SwRI will lead the two-year project with support from Praetorian, a cybersecurity assessment and advisory firm. The team will conduct an audit of traffic management systems and develop a guide to help transportation agencies learn to safeguard equipment.

Over 400,000 traffic signals in the U.S. have a degree of network access and embedded security. The research will go toward alerting system managers and government stakeholders to the threats that may face controllers, dynamic message signs, road-weather information systems, and other devices that relay data.

“The goal is to create security guidance for traffic management centers,” said Daniel Zajac, an SwRI engineer and principal investigator for the effort. “IT and security personnel need to understand threats to their equipment, standards for managing passwords, and then move up to advanced network security.”

SwRI will use white hat hackers to test and assess potential vulnerabilities and recommend mitigation strategies. The recommendations will also consider how agencies with limited resources can implement cybersecurity measures.

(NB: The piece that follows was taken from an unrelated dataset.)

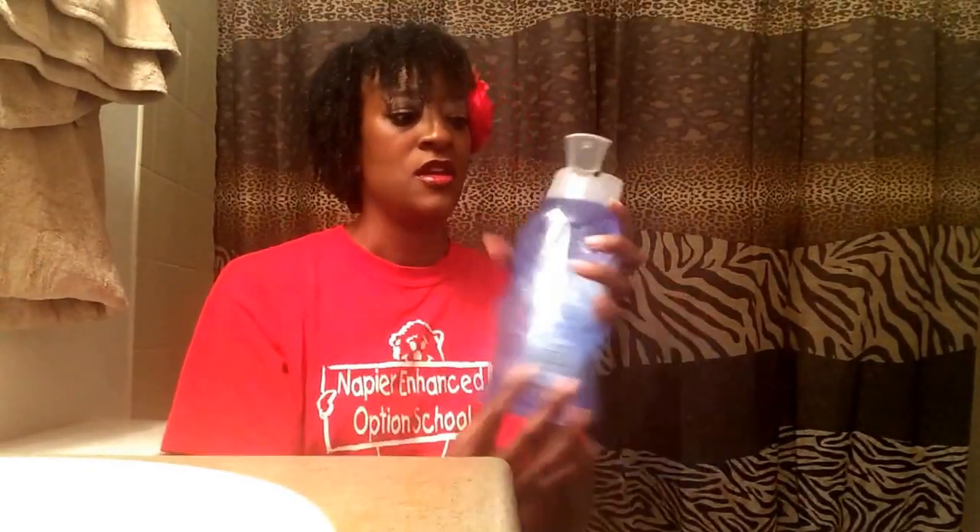Let me get some of it out to show you what it looks like. This is what the gel looks like — let me get some on my fingers. There we go. Can you see? This is the texture of the gel right there. And it feels smooth. It's got that awesome smell to it.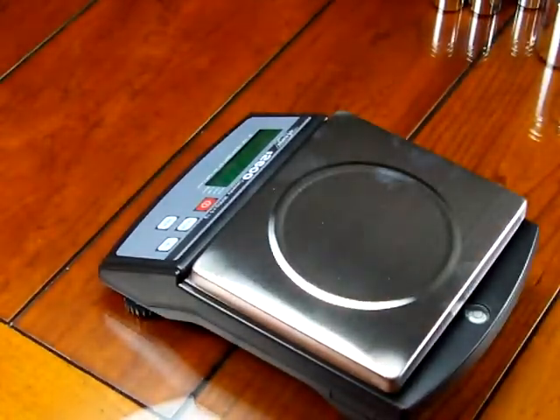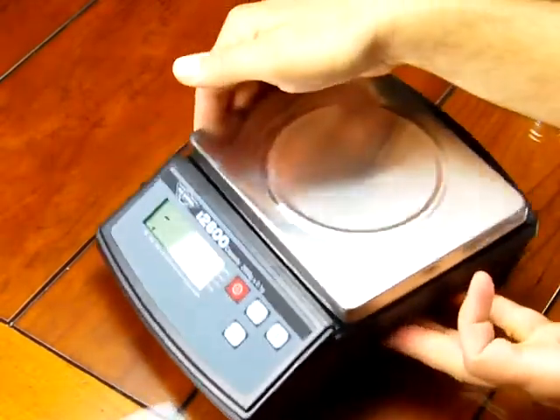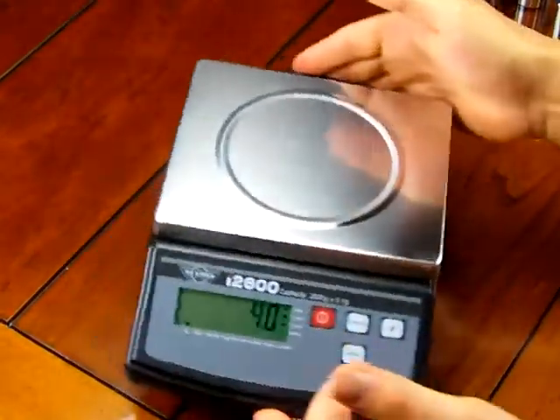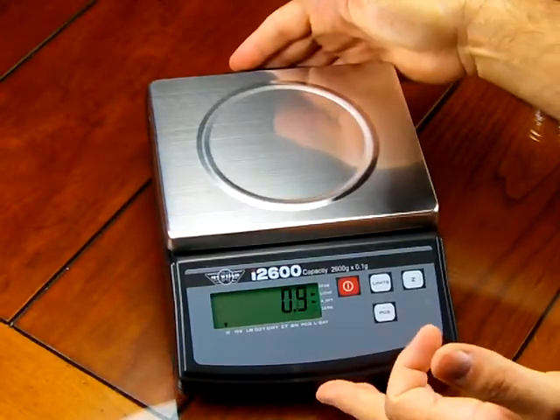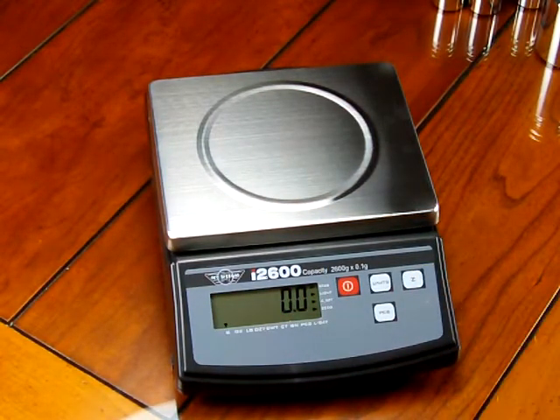So those are the basic features of the MyWay i2600. It's a nice basic scale — it's extremely affordable, especially for schools and the educational market. It also has parts counting mode if you want to use that feature. Simple, basic, affordable — that would be the best way to describe the MyWay i2600.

SwRI’s research will also evaluate potential access points where hackers might exploit connected vehicles in the future. Government agencies and the automotive industry are preparing vehicles and transportation infrastructure to include more wireless networking to enable safer driving with vehicle-to-vehicle and vehicle-to-infrastructure communications.

“Management centers like Austin and San Antonio may have budget and staff for extensive security programs, but smaller traffic systems in rural parts of the state may not,” Zajac said. “We have the right experience to help TRB in its effort to bridge gaps in information and resources across the country.”